# Ryusen vs Kikuichi?



## bechler (Mar 9, 2012)

Does anyone know much about these two knives I have a TKC and love it but haven't heard much about the Ruysen. I am specifically looking at the 240mm gyuto. 

Ruysen
http://japanesechefsknife.com/RyusenTsuchimeDamascusSeries.html


Compared to the Kikuichi Warikomi Damascus Gyuto 240mm


----------



## Timthebeaver (Mar 9, 2012)

OEM (rebadge) blade offered by just about every big manufacturer/brand - Yoshihiro, Kanetsune, Togiharu yadda yadda...

The Ryusen is expensive, The Kikuichi an absolute rip-off. JCK Gekko 240mm gyuto is the same blade, $135 in 240mm size.

Edit: Says the Kikuichi is VG5 (cheaper) not VG10. There are 19C27 variants too apparently. Either that or they are all the same and it's BS.


----------



## tk59 (Mar 9, 2012)

I haven't used 'em but what Timthebeaver stated is a very real possibility.


----------



## sel1k1 (Mar 9, 2012)

Those are really ugly. Ryusen has other knives on that site that are worth looking at.


----------



## sel1k1 (Mar 9, 2012)

Holy crap. That is within $15 of the Blazen 240mm. Who would buy that over the Blazen? ><


----------



## sel1k1 (Mar 9, 2012)

Blazen comes with a saya too. Hmm.


----------



## zitangy (Mar 10, 2012)

Hattori oems their HD series ( Damascus VG10) from Ryusen. Their Blazen series uses R2 powdered tool steel .. very, very respectable end product.

hv a nice week-end.


----------



## Bill Burke (Mar 10, 2012)

when I was in the Ryusen factory in 06 they were making these blades in house. yes they were buying the laminate and blanking them out on a punch press like everyone else but were then forging grindind and hardening tempering in house.
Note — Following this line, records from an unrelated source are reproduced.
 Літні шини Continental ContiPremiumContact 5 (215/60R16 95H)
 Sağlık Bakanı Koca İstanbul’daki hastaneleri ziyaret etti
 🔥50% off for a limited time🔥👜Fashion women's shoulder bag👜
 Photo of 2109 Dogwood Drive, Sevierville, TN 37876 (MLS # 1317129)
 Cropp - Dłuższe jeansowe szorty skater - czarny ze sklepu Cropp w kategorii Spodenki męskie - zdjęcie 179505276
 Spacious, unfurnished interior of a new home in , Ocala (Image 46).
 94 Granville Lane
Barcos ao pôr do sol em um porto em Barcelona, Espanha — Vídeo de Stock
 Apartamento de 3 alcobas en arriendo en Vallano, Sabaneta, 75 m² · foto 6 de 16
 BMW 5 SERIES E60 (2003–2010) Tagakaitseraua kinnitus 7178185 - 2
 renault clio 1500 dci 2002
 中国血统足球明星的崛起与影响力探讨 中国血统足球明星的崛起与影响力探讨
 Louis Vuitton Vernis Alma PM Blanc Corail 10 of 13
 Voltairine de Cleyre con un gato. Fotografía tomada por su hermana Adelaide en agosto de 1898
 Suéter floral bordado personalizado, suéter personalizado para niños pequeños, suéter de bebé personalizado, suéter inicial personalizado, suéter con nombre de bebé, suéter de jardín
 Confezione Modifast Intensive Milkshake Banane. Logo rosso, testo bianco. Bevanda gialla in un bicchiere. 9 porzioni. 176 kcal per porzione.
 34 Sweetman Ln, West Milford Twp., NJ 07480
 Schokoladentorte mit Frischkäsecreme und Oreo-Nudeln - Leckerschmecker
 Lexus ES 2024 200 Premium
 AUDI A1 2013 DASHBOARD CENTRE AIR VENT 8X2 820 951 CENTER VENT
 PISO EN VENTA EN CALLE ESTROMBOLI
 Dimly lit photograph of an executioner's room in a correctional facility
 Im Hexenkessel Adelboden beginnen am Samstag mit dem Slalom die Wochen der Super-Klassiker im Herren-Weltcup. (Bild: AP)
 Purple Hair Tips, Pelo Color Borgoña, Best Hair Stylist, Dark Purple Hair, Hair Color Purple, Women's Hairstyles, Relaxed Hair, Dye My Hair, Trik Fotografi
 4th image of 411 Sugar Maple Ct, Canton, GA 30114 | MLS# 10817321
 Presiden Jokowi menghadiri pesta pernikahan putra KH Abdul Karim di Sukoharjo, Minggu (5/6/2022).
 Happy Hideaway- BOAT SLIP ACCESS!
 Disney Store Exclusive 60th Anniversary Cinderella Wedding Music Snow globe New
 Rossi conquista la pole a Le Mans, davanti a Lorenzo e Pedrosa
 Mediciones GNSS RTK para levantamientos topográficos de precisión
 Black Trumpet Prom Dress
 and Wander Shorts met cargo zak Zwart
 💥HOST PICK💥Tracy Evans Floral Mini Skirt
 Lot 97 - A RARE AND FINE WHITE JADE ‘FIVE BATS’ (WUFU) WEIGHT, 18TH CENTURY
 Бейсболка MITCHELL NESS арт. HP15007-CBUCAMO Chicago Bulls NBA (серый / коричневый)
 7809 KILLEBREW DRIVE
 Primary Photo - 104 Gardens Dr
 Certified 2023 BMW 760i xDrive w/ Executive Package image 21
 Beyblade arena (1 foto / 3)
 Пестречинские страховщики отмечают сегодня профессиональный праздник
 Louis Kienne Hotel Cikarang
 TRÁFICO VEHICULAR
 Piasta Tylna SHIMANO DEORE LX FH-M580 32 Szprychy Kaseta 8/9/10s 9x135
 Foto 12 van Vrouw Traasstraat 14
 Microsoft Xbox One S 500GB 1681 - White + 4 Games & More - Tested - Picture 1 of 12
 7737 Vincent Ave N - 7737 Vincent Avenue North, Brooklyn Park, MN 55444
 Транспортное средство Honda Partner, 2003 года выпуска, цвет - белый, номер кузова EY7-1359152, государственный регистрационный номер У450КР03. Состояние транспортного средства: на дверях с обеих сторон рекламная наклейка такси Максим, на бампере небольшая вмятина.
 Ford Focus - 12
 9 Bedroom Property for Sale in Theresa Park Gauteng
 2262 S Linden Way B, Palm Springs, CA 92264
They could have changed but I doubt it.


----------



## tk59 (Mar 10, 2012)

zitangy said:


> ...Their Blazen series uses R2 powdered tool steel...


Blazen uses SG2, unless they've changed it recently.


----------



## supersayan3 (Feb 11, 2015)

I know my reply comes 3 years later, yet I will do it for future reads.

The ryusen has nothing to do with the rest tsuchime damascus knives that everybody here says that it is the same knife rebranded.

I own both Ryusen and Gekko, I love them both, but different class.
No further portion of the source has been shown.